» **Stored records**:
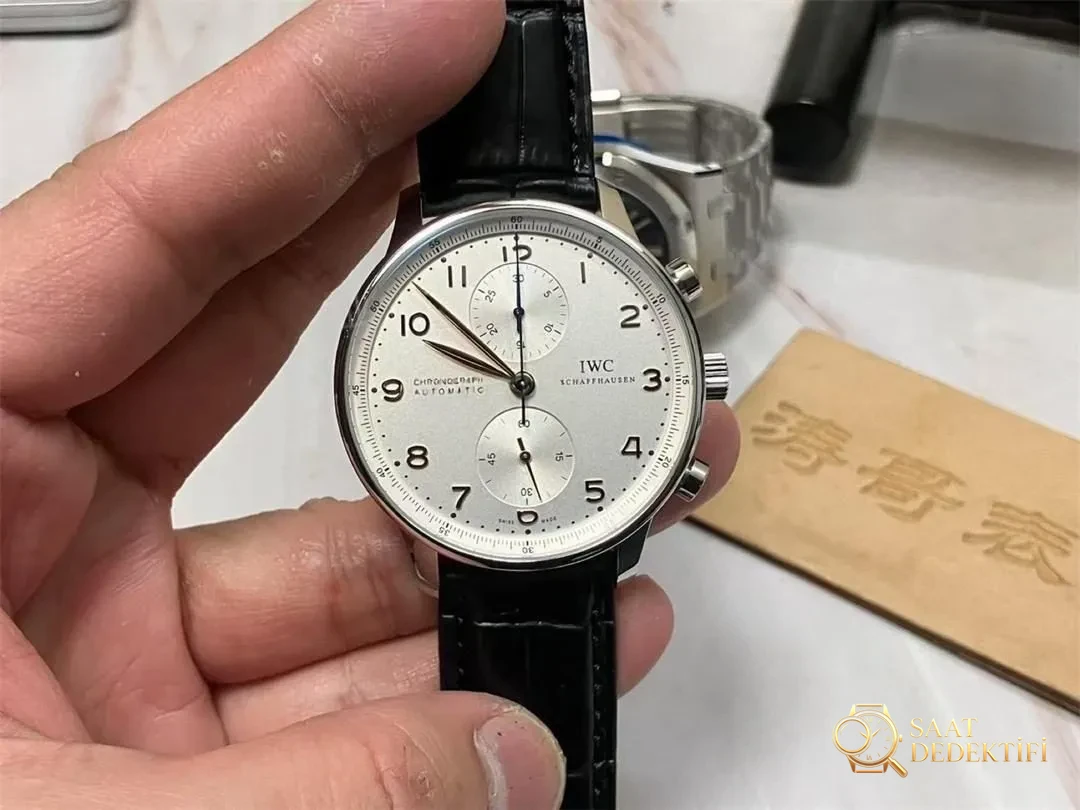IWC Portugieser ZF Factory İncelemesi - Ön Görünüm ve Kasa Tasarımı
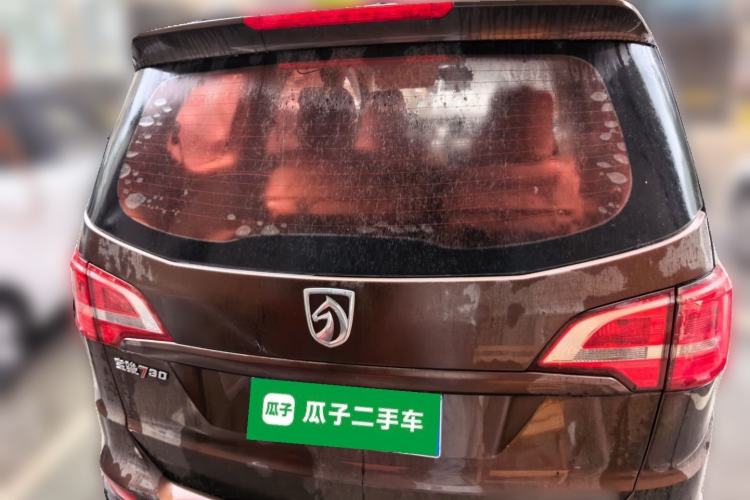 Used Baojun 730 2016 Revised 1.5L Manual Standard Version 7 Seats China V Emission Standard Rear
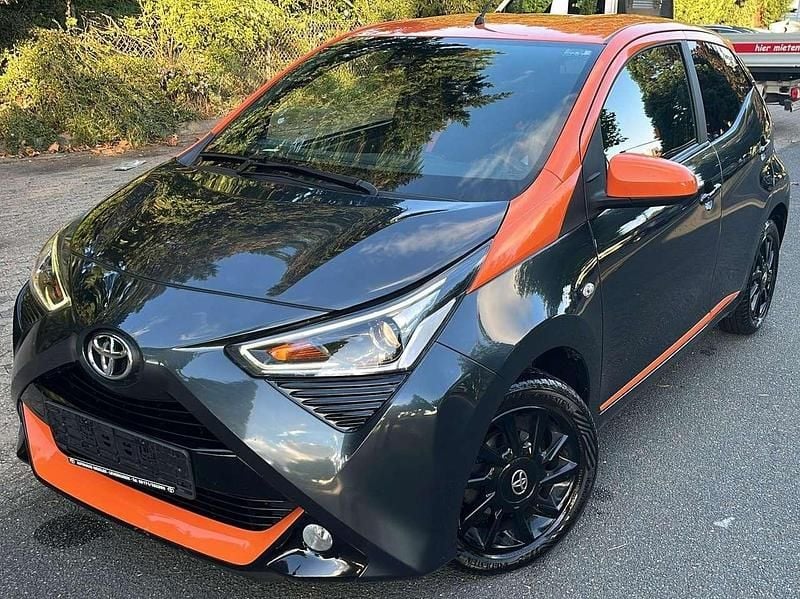 Gebraucht Toyota Aygo 72 PS (52 kW) 2020 Dark grey Kleinwagen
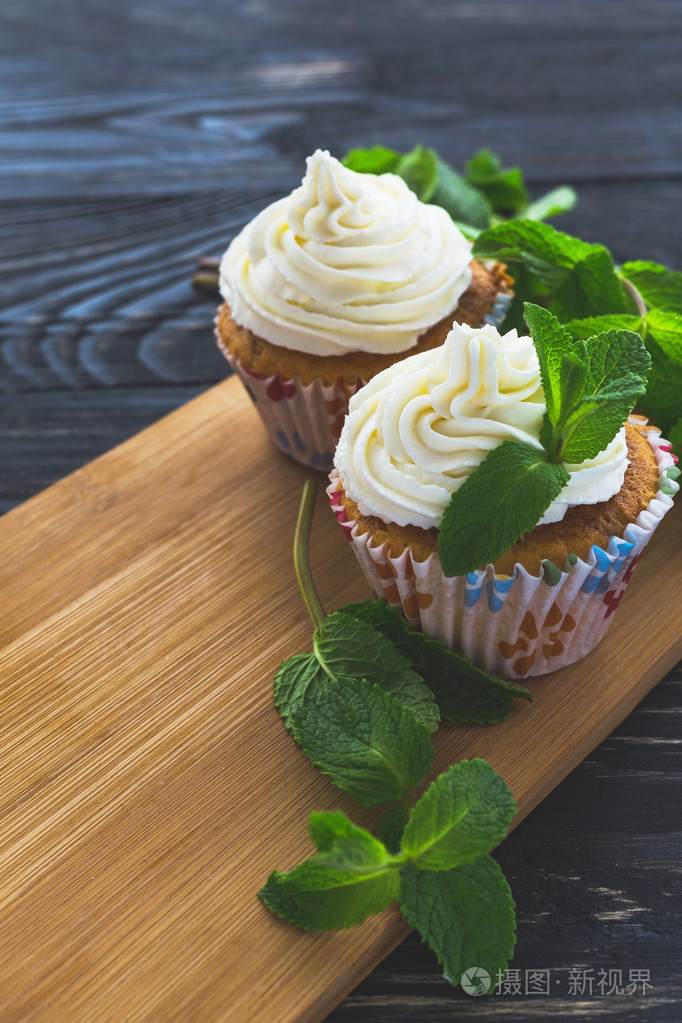 自制甜薄荷奶油蛋糕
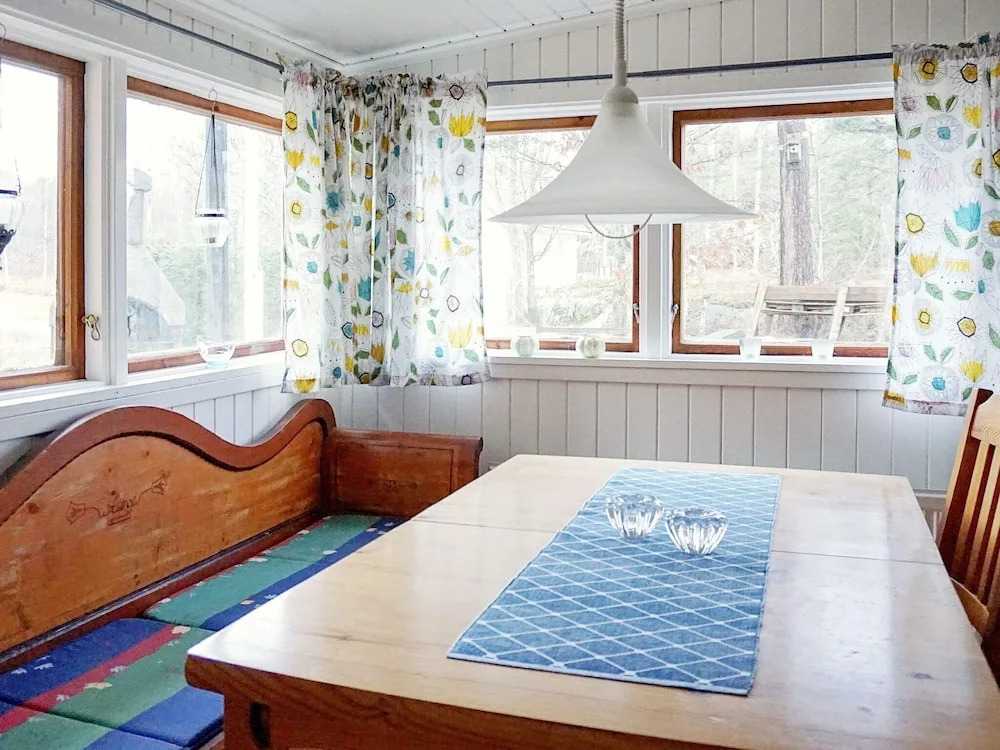 5 Person Holiday Home in Tanumshede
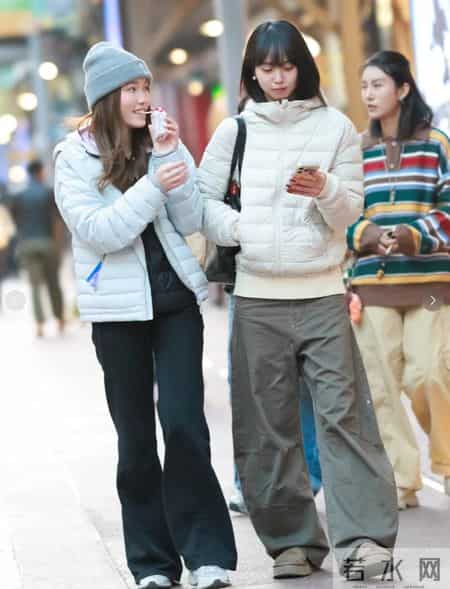 再次重申：羽绒服下面尽量少穿运动鞋，学成都太古里这样穿温暖又高级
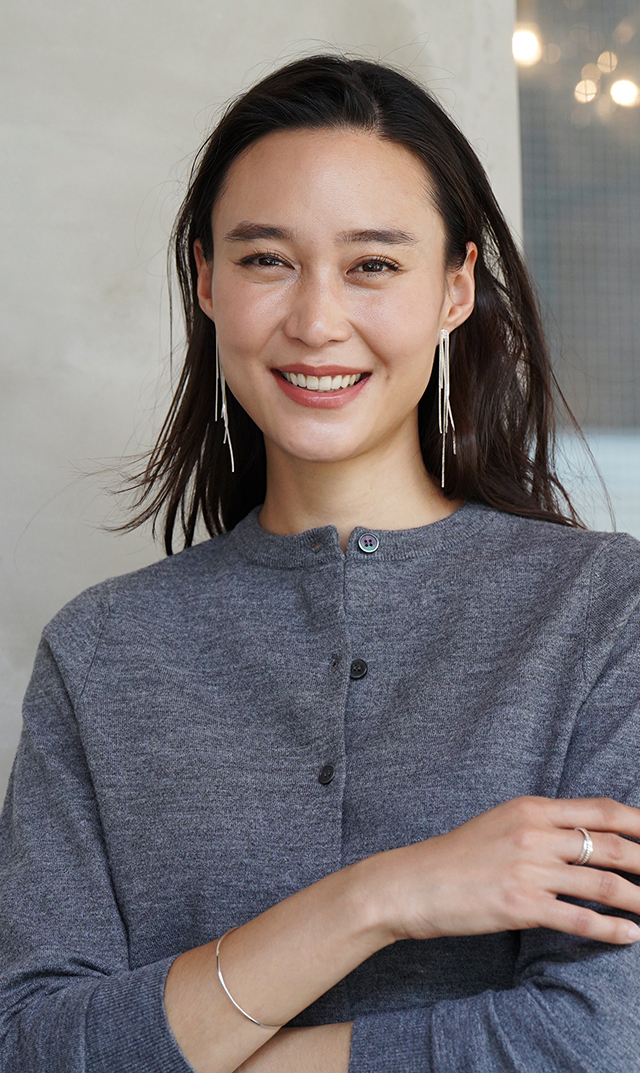 チェーンピアス銀金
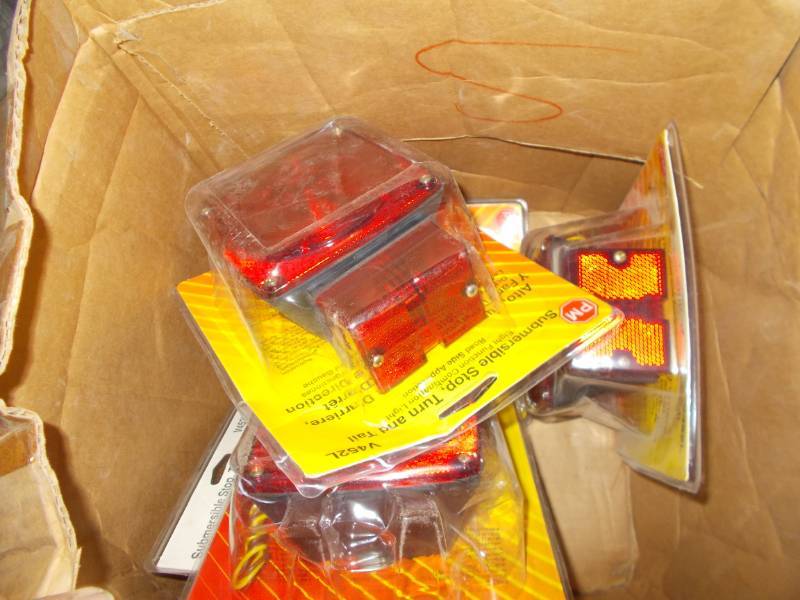 lot 2194 image: Peterson Submersible stop, turn and tail, trailer lights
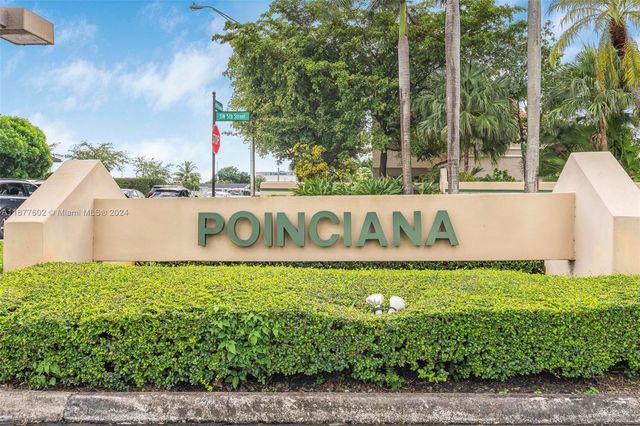 $660,000 | 492 Southwest 87th Place | Fountainebleau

» **ABOUT THIS TASK**: What's needed is an exact retyping of the records, pictures excluded.

» **ANSWER TO THE EXERCISE**:
IWC Portugieser ZF Factory İncelemesi - Ön Görünüm ve Kasa Tasarımı
 Used Baojun 730 2016 Revised 1.5L Manual Standard Version 7 Seats China V Emission Standard Rear
 Gebraucht Toyota Aygo 72 PS (52 kW) 2020 Dark grey Kleinwagen
 自制甜薄荷奶油蛋糕
 5 Person Holiday Home in Tanumshede
 再次重申：羽绒服下面尽量少穿运动鞋，学成都太古里这样穿温暖又高级
 チェーンピアス銀金
 lot 2194 image: Peterson Submersible stop, turn and tail, trailer lights
 $660,000 | 492 Southwest 87th Place | Fountainebleau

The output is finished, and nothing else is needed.